Will do! I should have at least a test video out at some time this weekend. If I succumb to rampant rhythm game voyeurism then I'll probably buy the rest of what I need fairly soon.
I'd say at this point that it depends on the price of cameras. There is a really ghetto way that I can use my phone camera using iOS 8's screen mirroring (basically, mirror the screen, fire up the Camera app on the phone, set it in video mode so that its "shutter" speed stays above 1/30 or 1/60, and crop off the app chrome), but I'd rather not do that. Those cameras aren't really meant to take video for hours on end. I've heard that the PS4 camera is quite nice, so maybe that'll be an option. As a bonus, if it doesn't work out I can always use it for my PS4.
The only real rule is that whatever I get has to work on a Mac. Shouldn't be too hard, though there are a few things that curiously don't have drivers for that platform (such as the lower end Dazzles and such). I don't want to have to unplug my audio interfaces just to do some stupid streaming (I have every port except for the SD card slot in use on that poor thing, not to mention all of the ports on an external USB 3.0 hub).
The other touchy thing is going to be the audio. Obviously I'd like to have both the direct game audio so that the quality won't be shit, but I'd also like to have other audio so that I could talk and so that viewers will be able to hear the key clicks (and me screaming when I fail A [7K] with a 78% like what happened to me other night...I passed it on my next try, at least). I prefer playing audio through the TV so that I can hear the keys more clearly, but I think I'm just going to have to give up and wear headphones. Even if I turn my mic gain down, that doesn't change the fact that I'm using a condenser mic that could pick up an ant farting from two states away. My noise isolating studio cans are out of the question, so...uh, Apple earbuds, maybe? Hell, that would be an improvement over my TV speakers.
Edit: Ran into some complications. The Dazzle absolutely refused to record audio with VirtualDub, and Premiere's capture only works with very specific, presumably high-end devices. I tried pumping the audio through my mixer, but since USB shares an input/output with the 2 Track In/Out, I couldn't record the RCA input with USB.
I have a couple of options, but I'm going to need some more adapters either way. I could ditch USB and use one of my UCA222 interface to pull audio in from the mixer. I'd rather not do that since I would greatly prefer having digital output. Another option is adapting RCA to unbalanced TS connectors and plugging them into the currently-unused ch 3/4. That would probably be the cheapest approach and would still be effective. The problem with these two solutions is that while it would allow me to plug everything into my mixer and monitor it with my studio headphones, I wouldn't be able to do much with the audio in post-production. While I want the clickity clacks from the keys to be audible, I doubt viewers would want to hear them quite as much.
The only real ways to do this while keeping the audio separate is to either come up with another piece of capture software (and I really don't want to use the crash-happy Pinnacle software that the Dazzle comes with) or get a better capture device. I'd rather get the Dazzle working, because I don't want to throw a whole lot of cash at this just yet until I know it's going to work.

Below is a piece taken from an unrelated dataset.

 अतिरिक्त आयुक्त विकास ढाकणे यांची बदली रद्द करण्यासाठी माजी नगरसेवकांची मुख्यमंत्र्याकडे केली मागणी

I could still technically get the game audio to come through the mixer so that I could monitor it even if I do one of the other two options. I'd have to get another set of RCA splitters, run RCA cables across the room to my mixer, adapt them to TS, plug them into ch3/4, and banish the audio to the alt3/4 output (on my mixer, muted channels are sent to alt3/4, which I have set to come through the headphones).
It's times like these that I'm glad I ended up going with the X1204 instead of sticking with something smaller, like the XENYX 502 or a basic XLR/USB interface with +48V.